Following the Chicago Bulls 1991 NBA Finals victory over Los Angeles Lakers, California assessed state income taxes against the Chicago Bulls. Michael Jordan had led the Bulls to a 4-1 victory over the team from California, with 2 of the games being played on the road in LA. In retaliation Illinois then enacted its law known as, “Michael Jordan’s Revenge,” to tax athletes from California and any other state that imposed a tax on their residents who came to Chicago and soon other states followed suit. The jock tax continues to be a lucrative source of revenue for states that impose it to this day.
The implementation of the Michael Jordan Revenge Tax was covered in detail at the time by the Chicago Tribune. You can read it by following the link here.
Does every US state impose the Jock Tax?
Most US states have a Jock Tax in place. Broadly speaking, NFL players file 8 to 12 tax returns, NBA players file 16 to 20, and MLB players file 20 to 25, per tax year. This is due to the amount of games played in different states. The NFL plays less games and therefore players “work” in less states.
There are only 5 US states that do not have a Jock Tax in place. These are;
• Florida (NBA Teams; Miami & Orlando)
• Nevada (NBA Teams; Denver)
• Texas (NBA Teams; San Antonio, Houston & Dallas)
• Washington (No NBA Teams)
• Tennessee ((Memphis)
These states also do not impose personal income tax, which is a huge bonus for any high earning NBA athletes that have chosen a team in one of these states to build their career. Some cities, including Cleveland, Kansas City, Philadelphia, and Detroit have also implemented the tax.
How much does Jock Tax cost NBA Players?
How much Jock tax NBA players pay, will depend on what franchise they play for, in what division and how much they earn. Within each state, or cities, Jock Tax laws a different amount will be levied for various reasons.
NBA players will face a different spread of opponents based on what Division they play in.

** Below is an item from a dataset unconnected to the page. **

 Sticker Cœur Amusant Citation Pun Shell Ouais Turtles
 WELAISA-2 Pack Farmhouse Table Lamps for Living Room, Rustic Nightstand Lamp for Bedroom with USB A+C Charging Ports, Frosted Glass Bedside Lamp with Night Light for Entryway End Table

Typically an NBA team will play opponents based on the below system;
- Each team has to play 4 games against the other 4 division opponents (that is 16 games)
- 4 games against 6 (out-of-division) conference opponents (that is 24 games)
- 3 games against the remaining 4 conference teams (that is 12 games)
- 2 games against teams in the opposing conference (that is 30 games)
As an example the five teams in the Pacific Division are The Los Angeles Clippers, LA Lakers, Golden State Warriors, Sacramento Kings and The Phoenix Suns. 4 of these teams are based in California, so for any of the California based players at least 12 of their road games wouldn’t be out of state. Where as a player on the Memphis Grizzlies plays all 41 road games out of state. (although the Memphis based players will almost certainly come out ahead as Tennessee doesn’t collect personal income Tax and California has one of the highest rates in the US).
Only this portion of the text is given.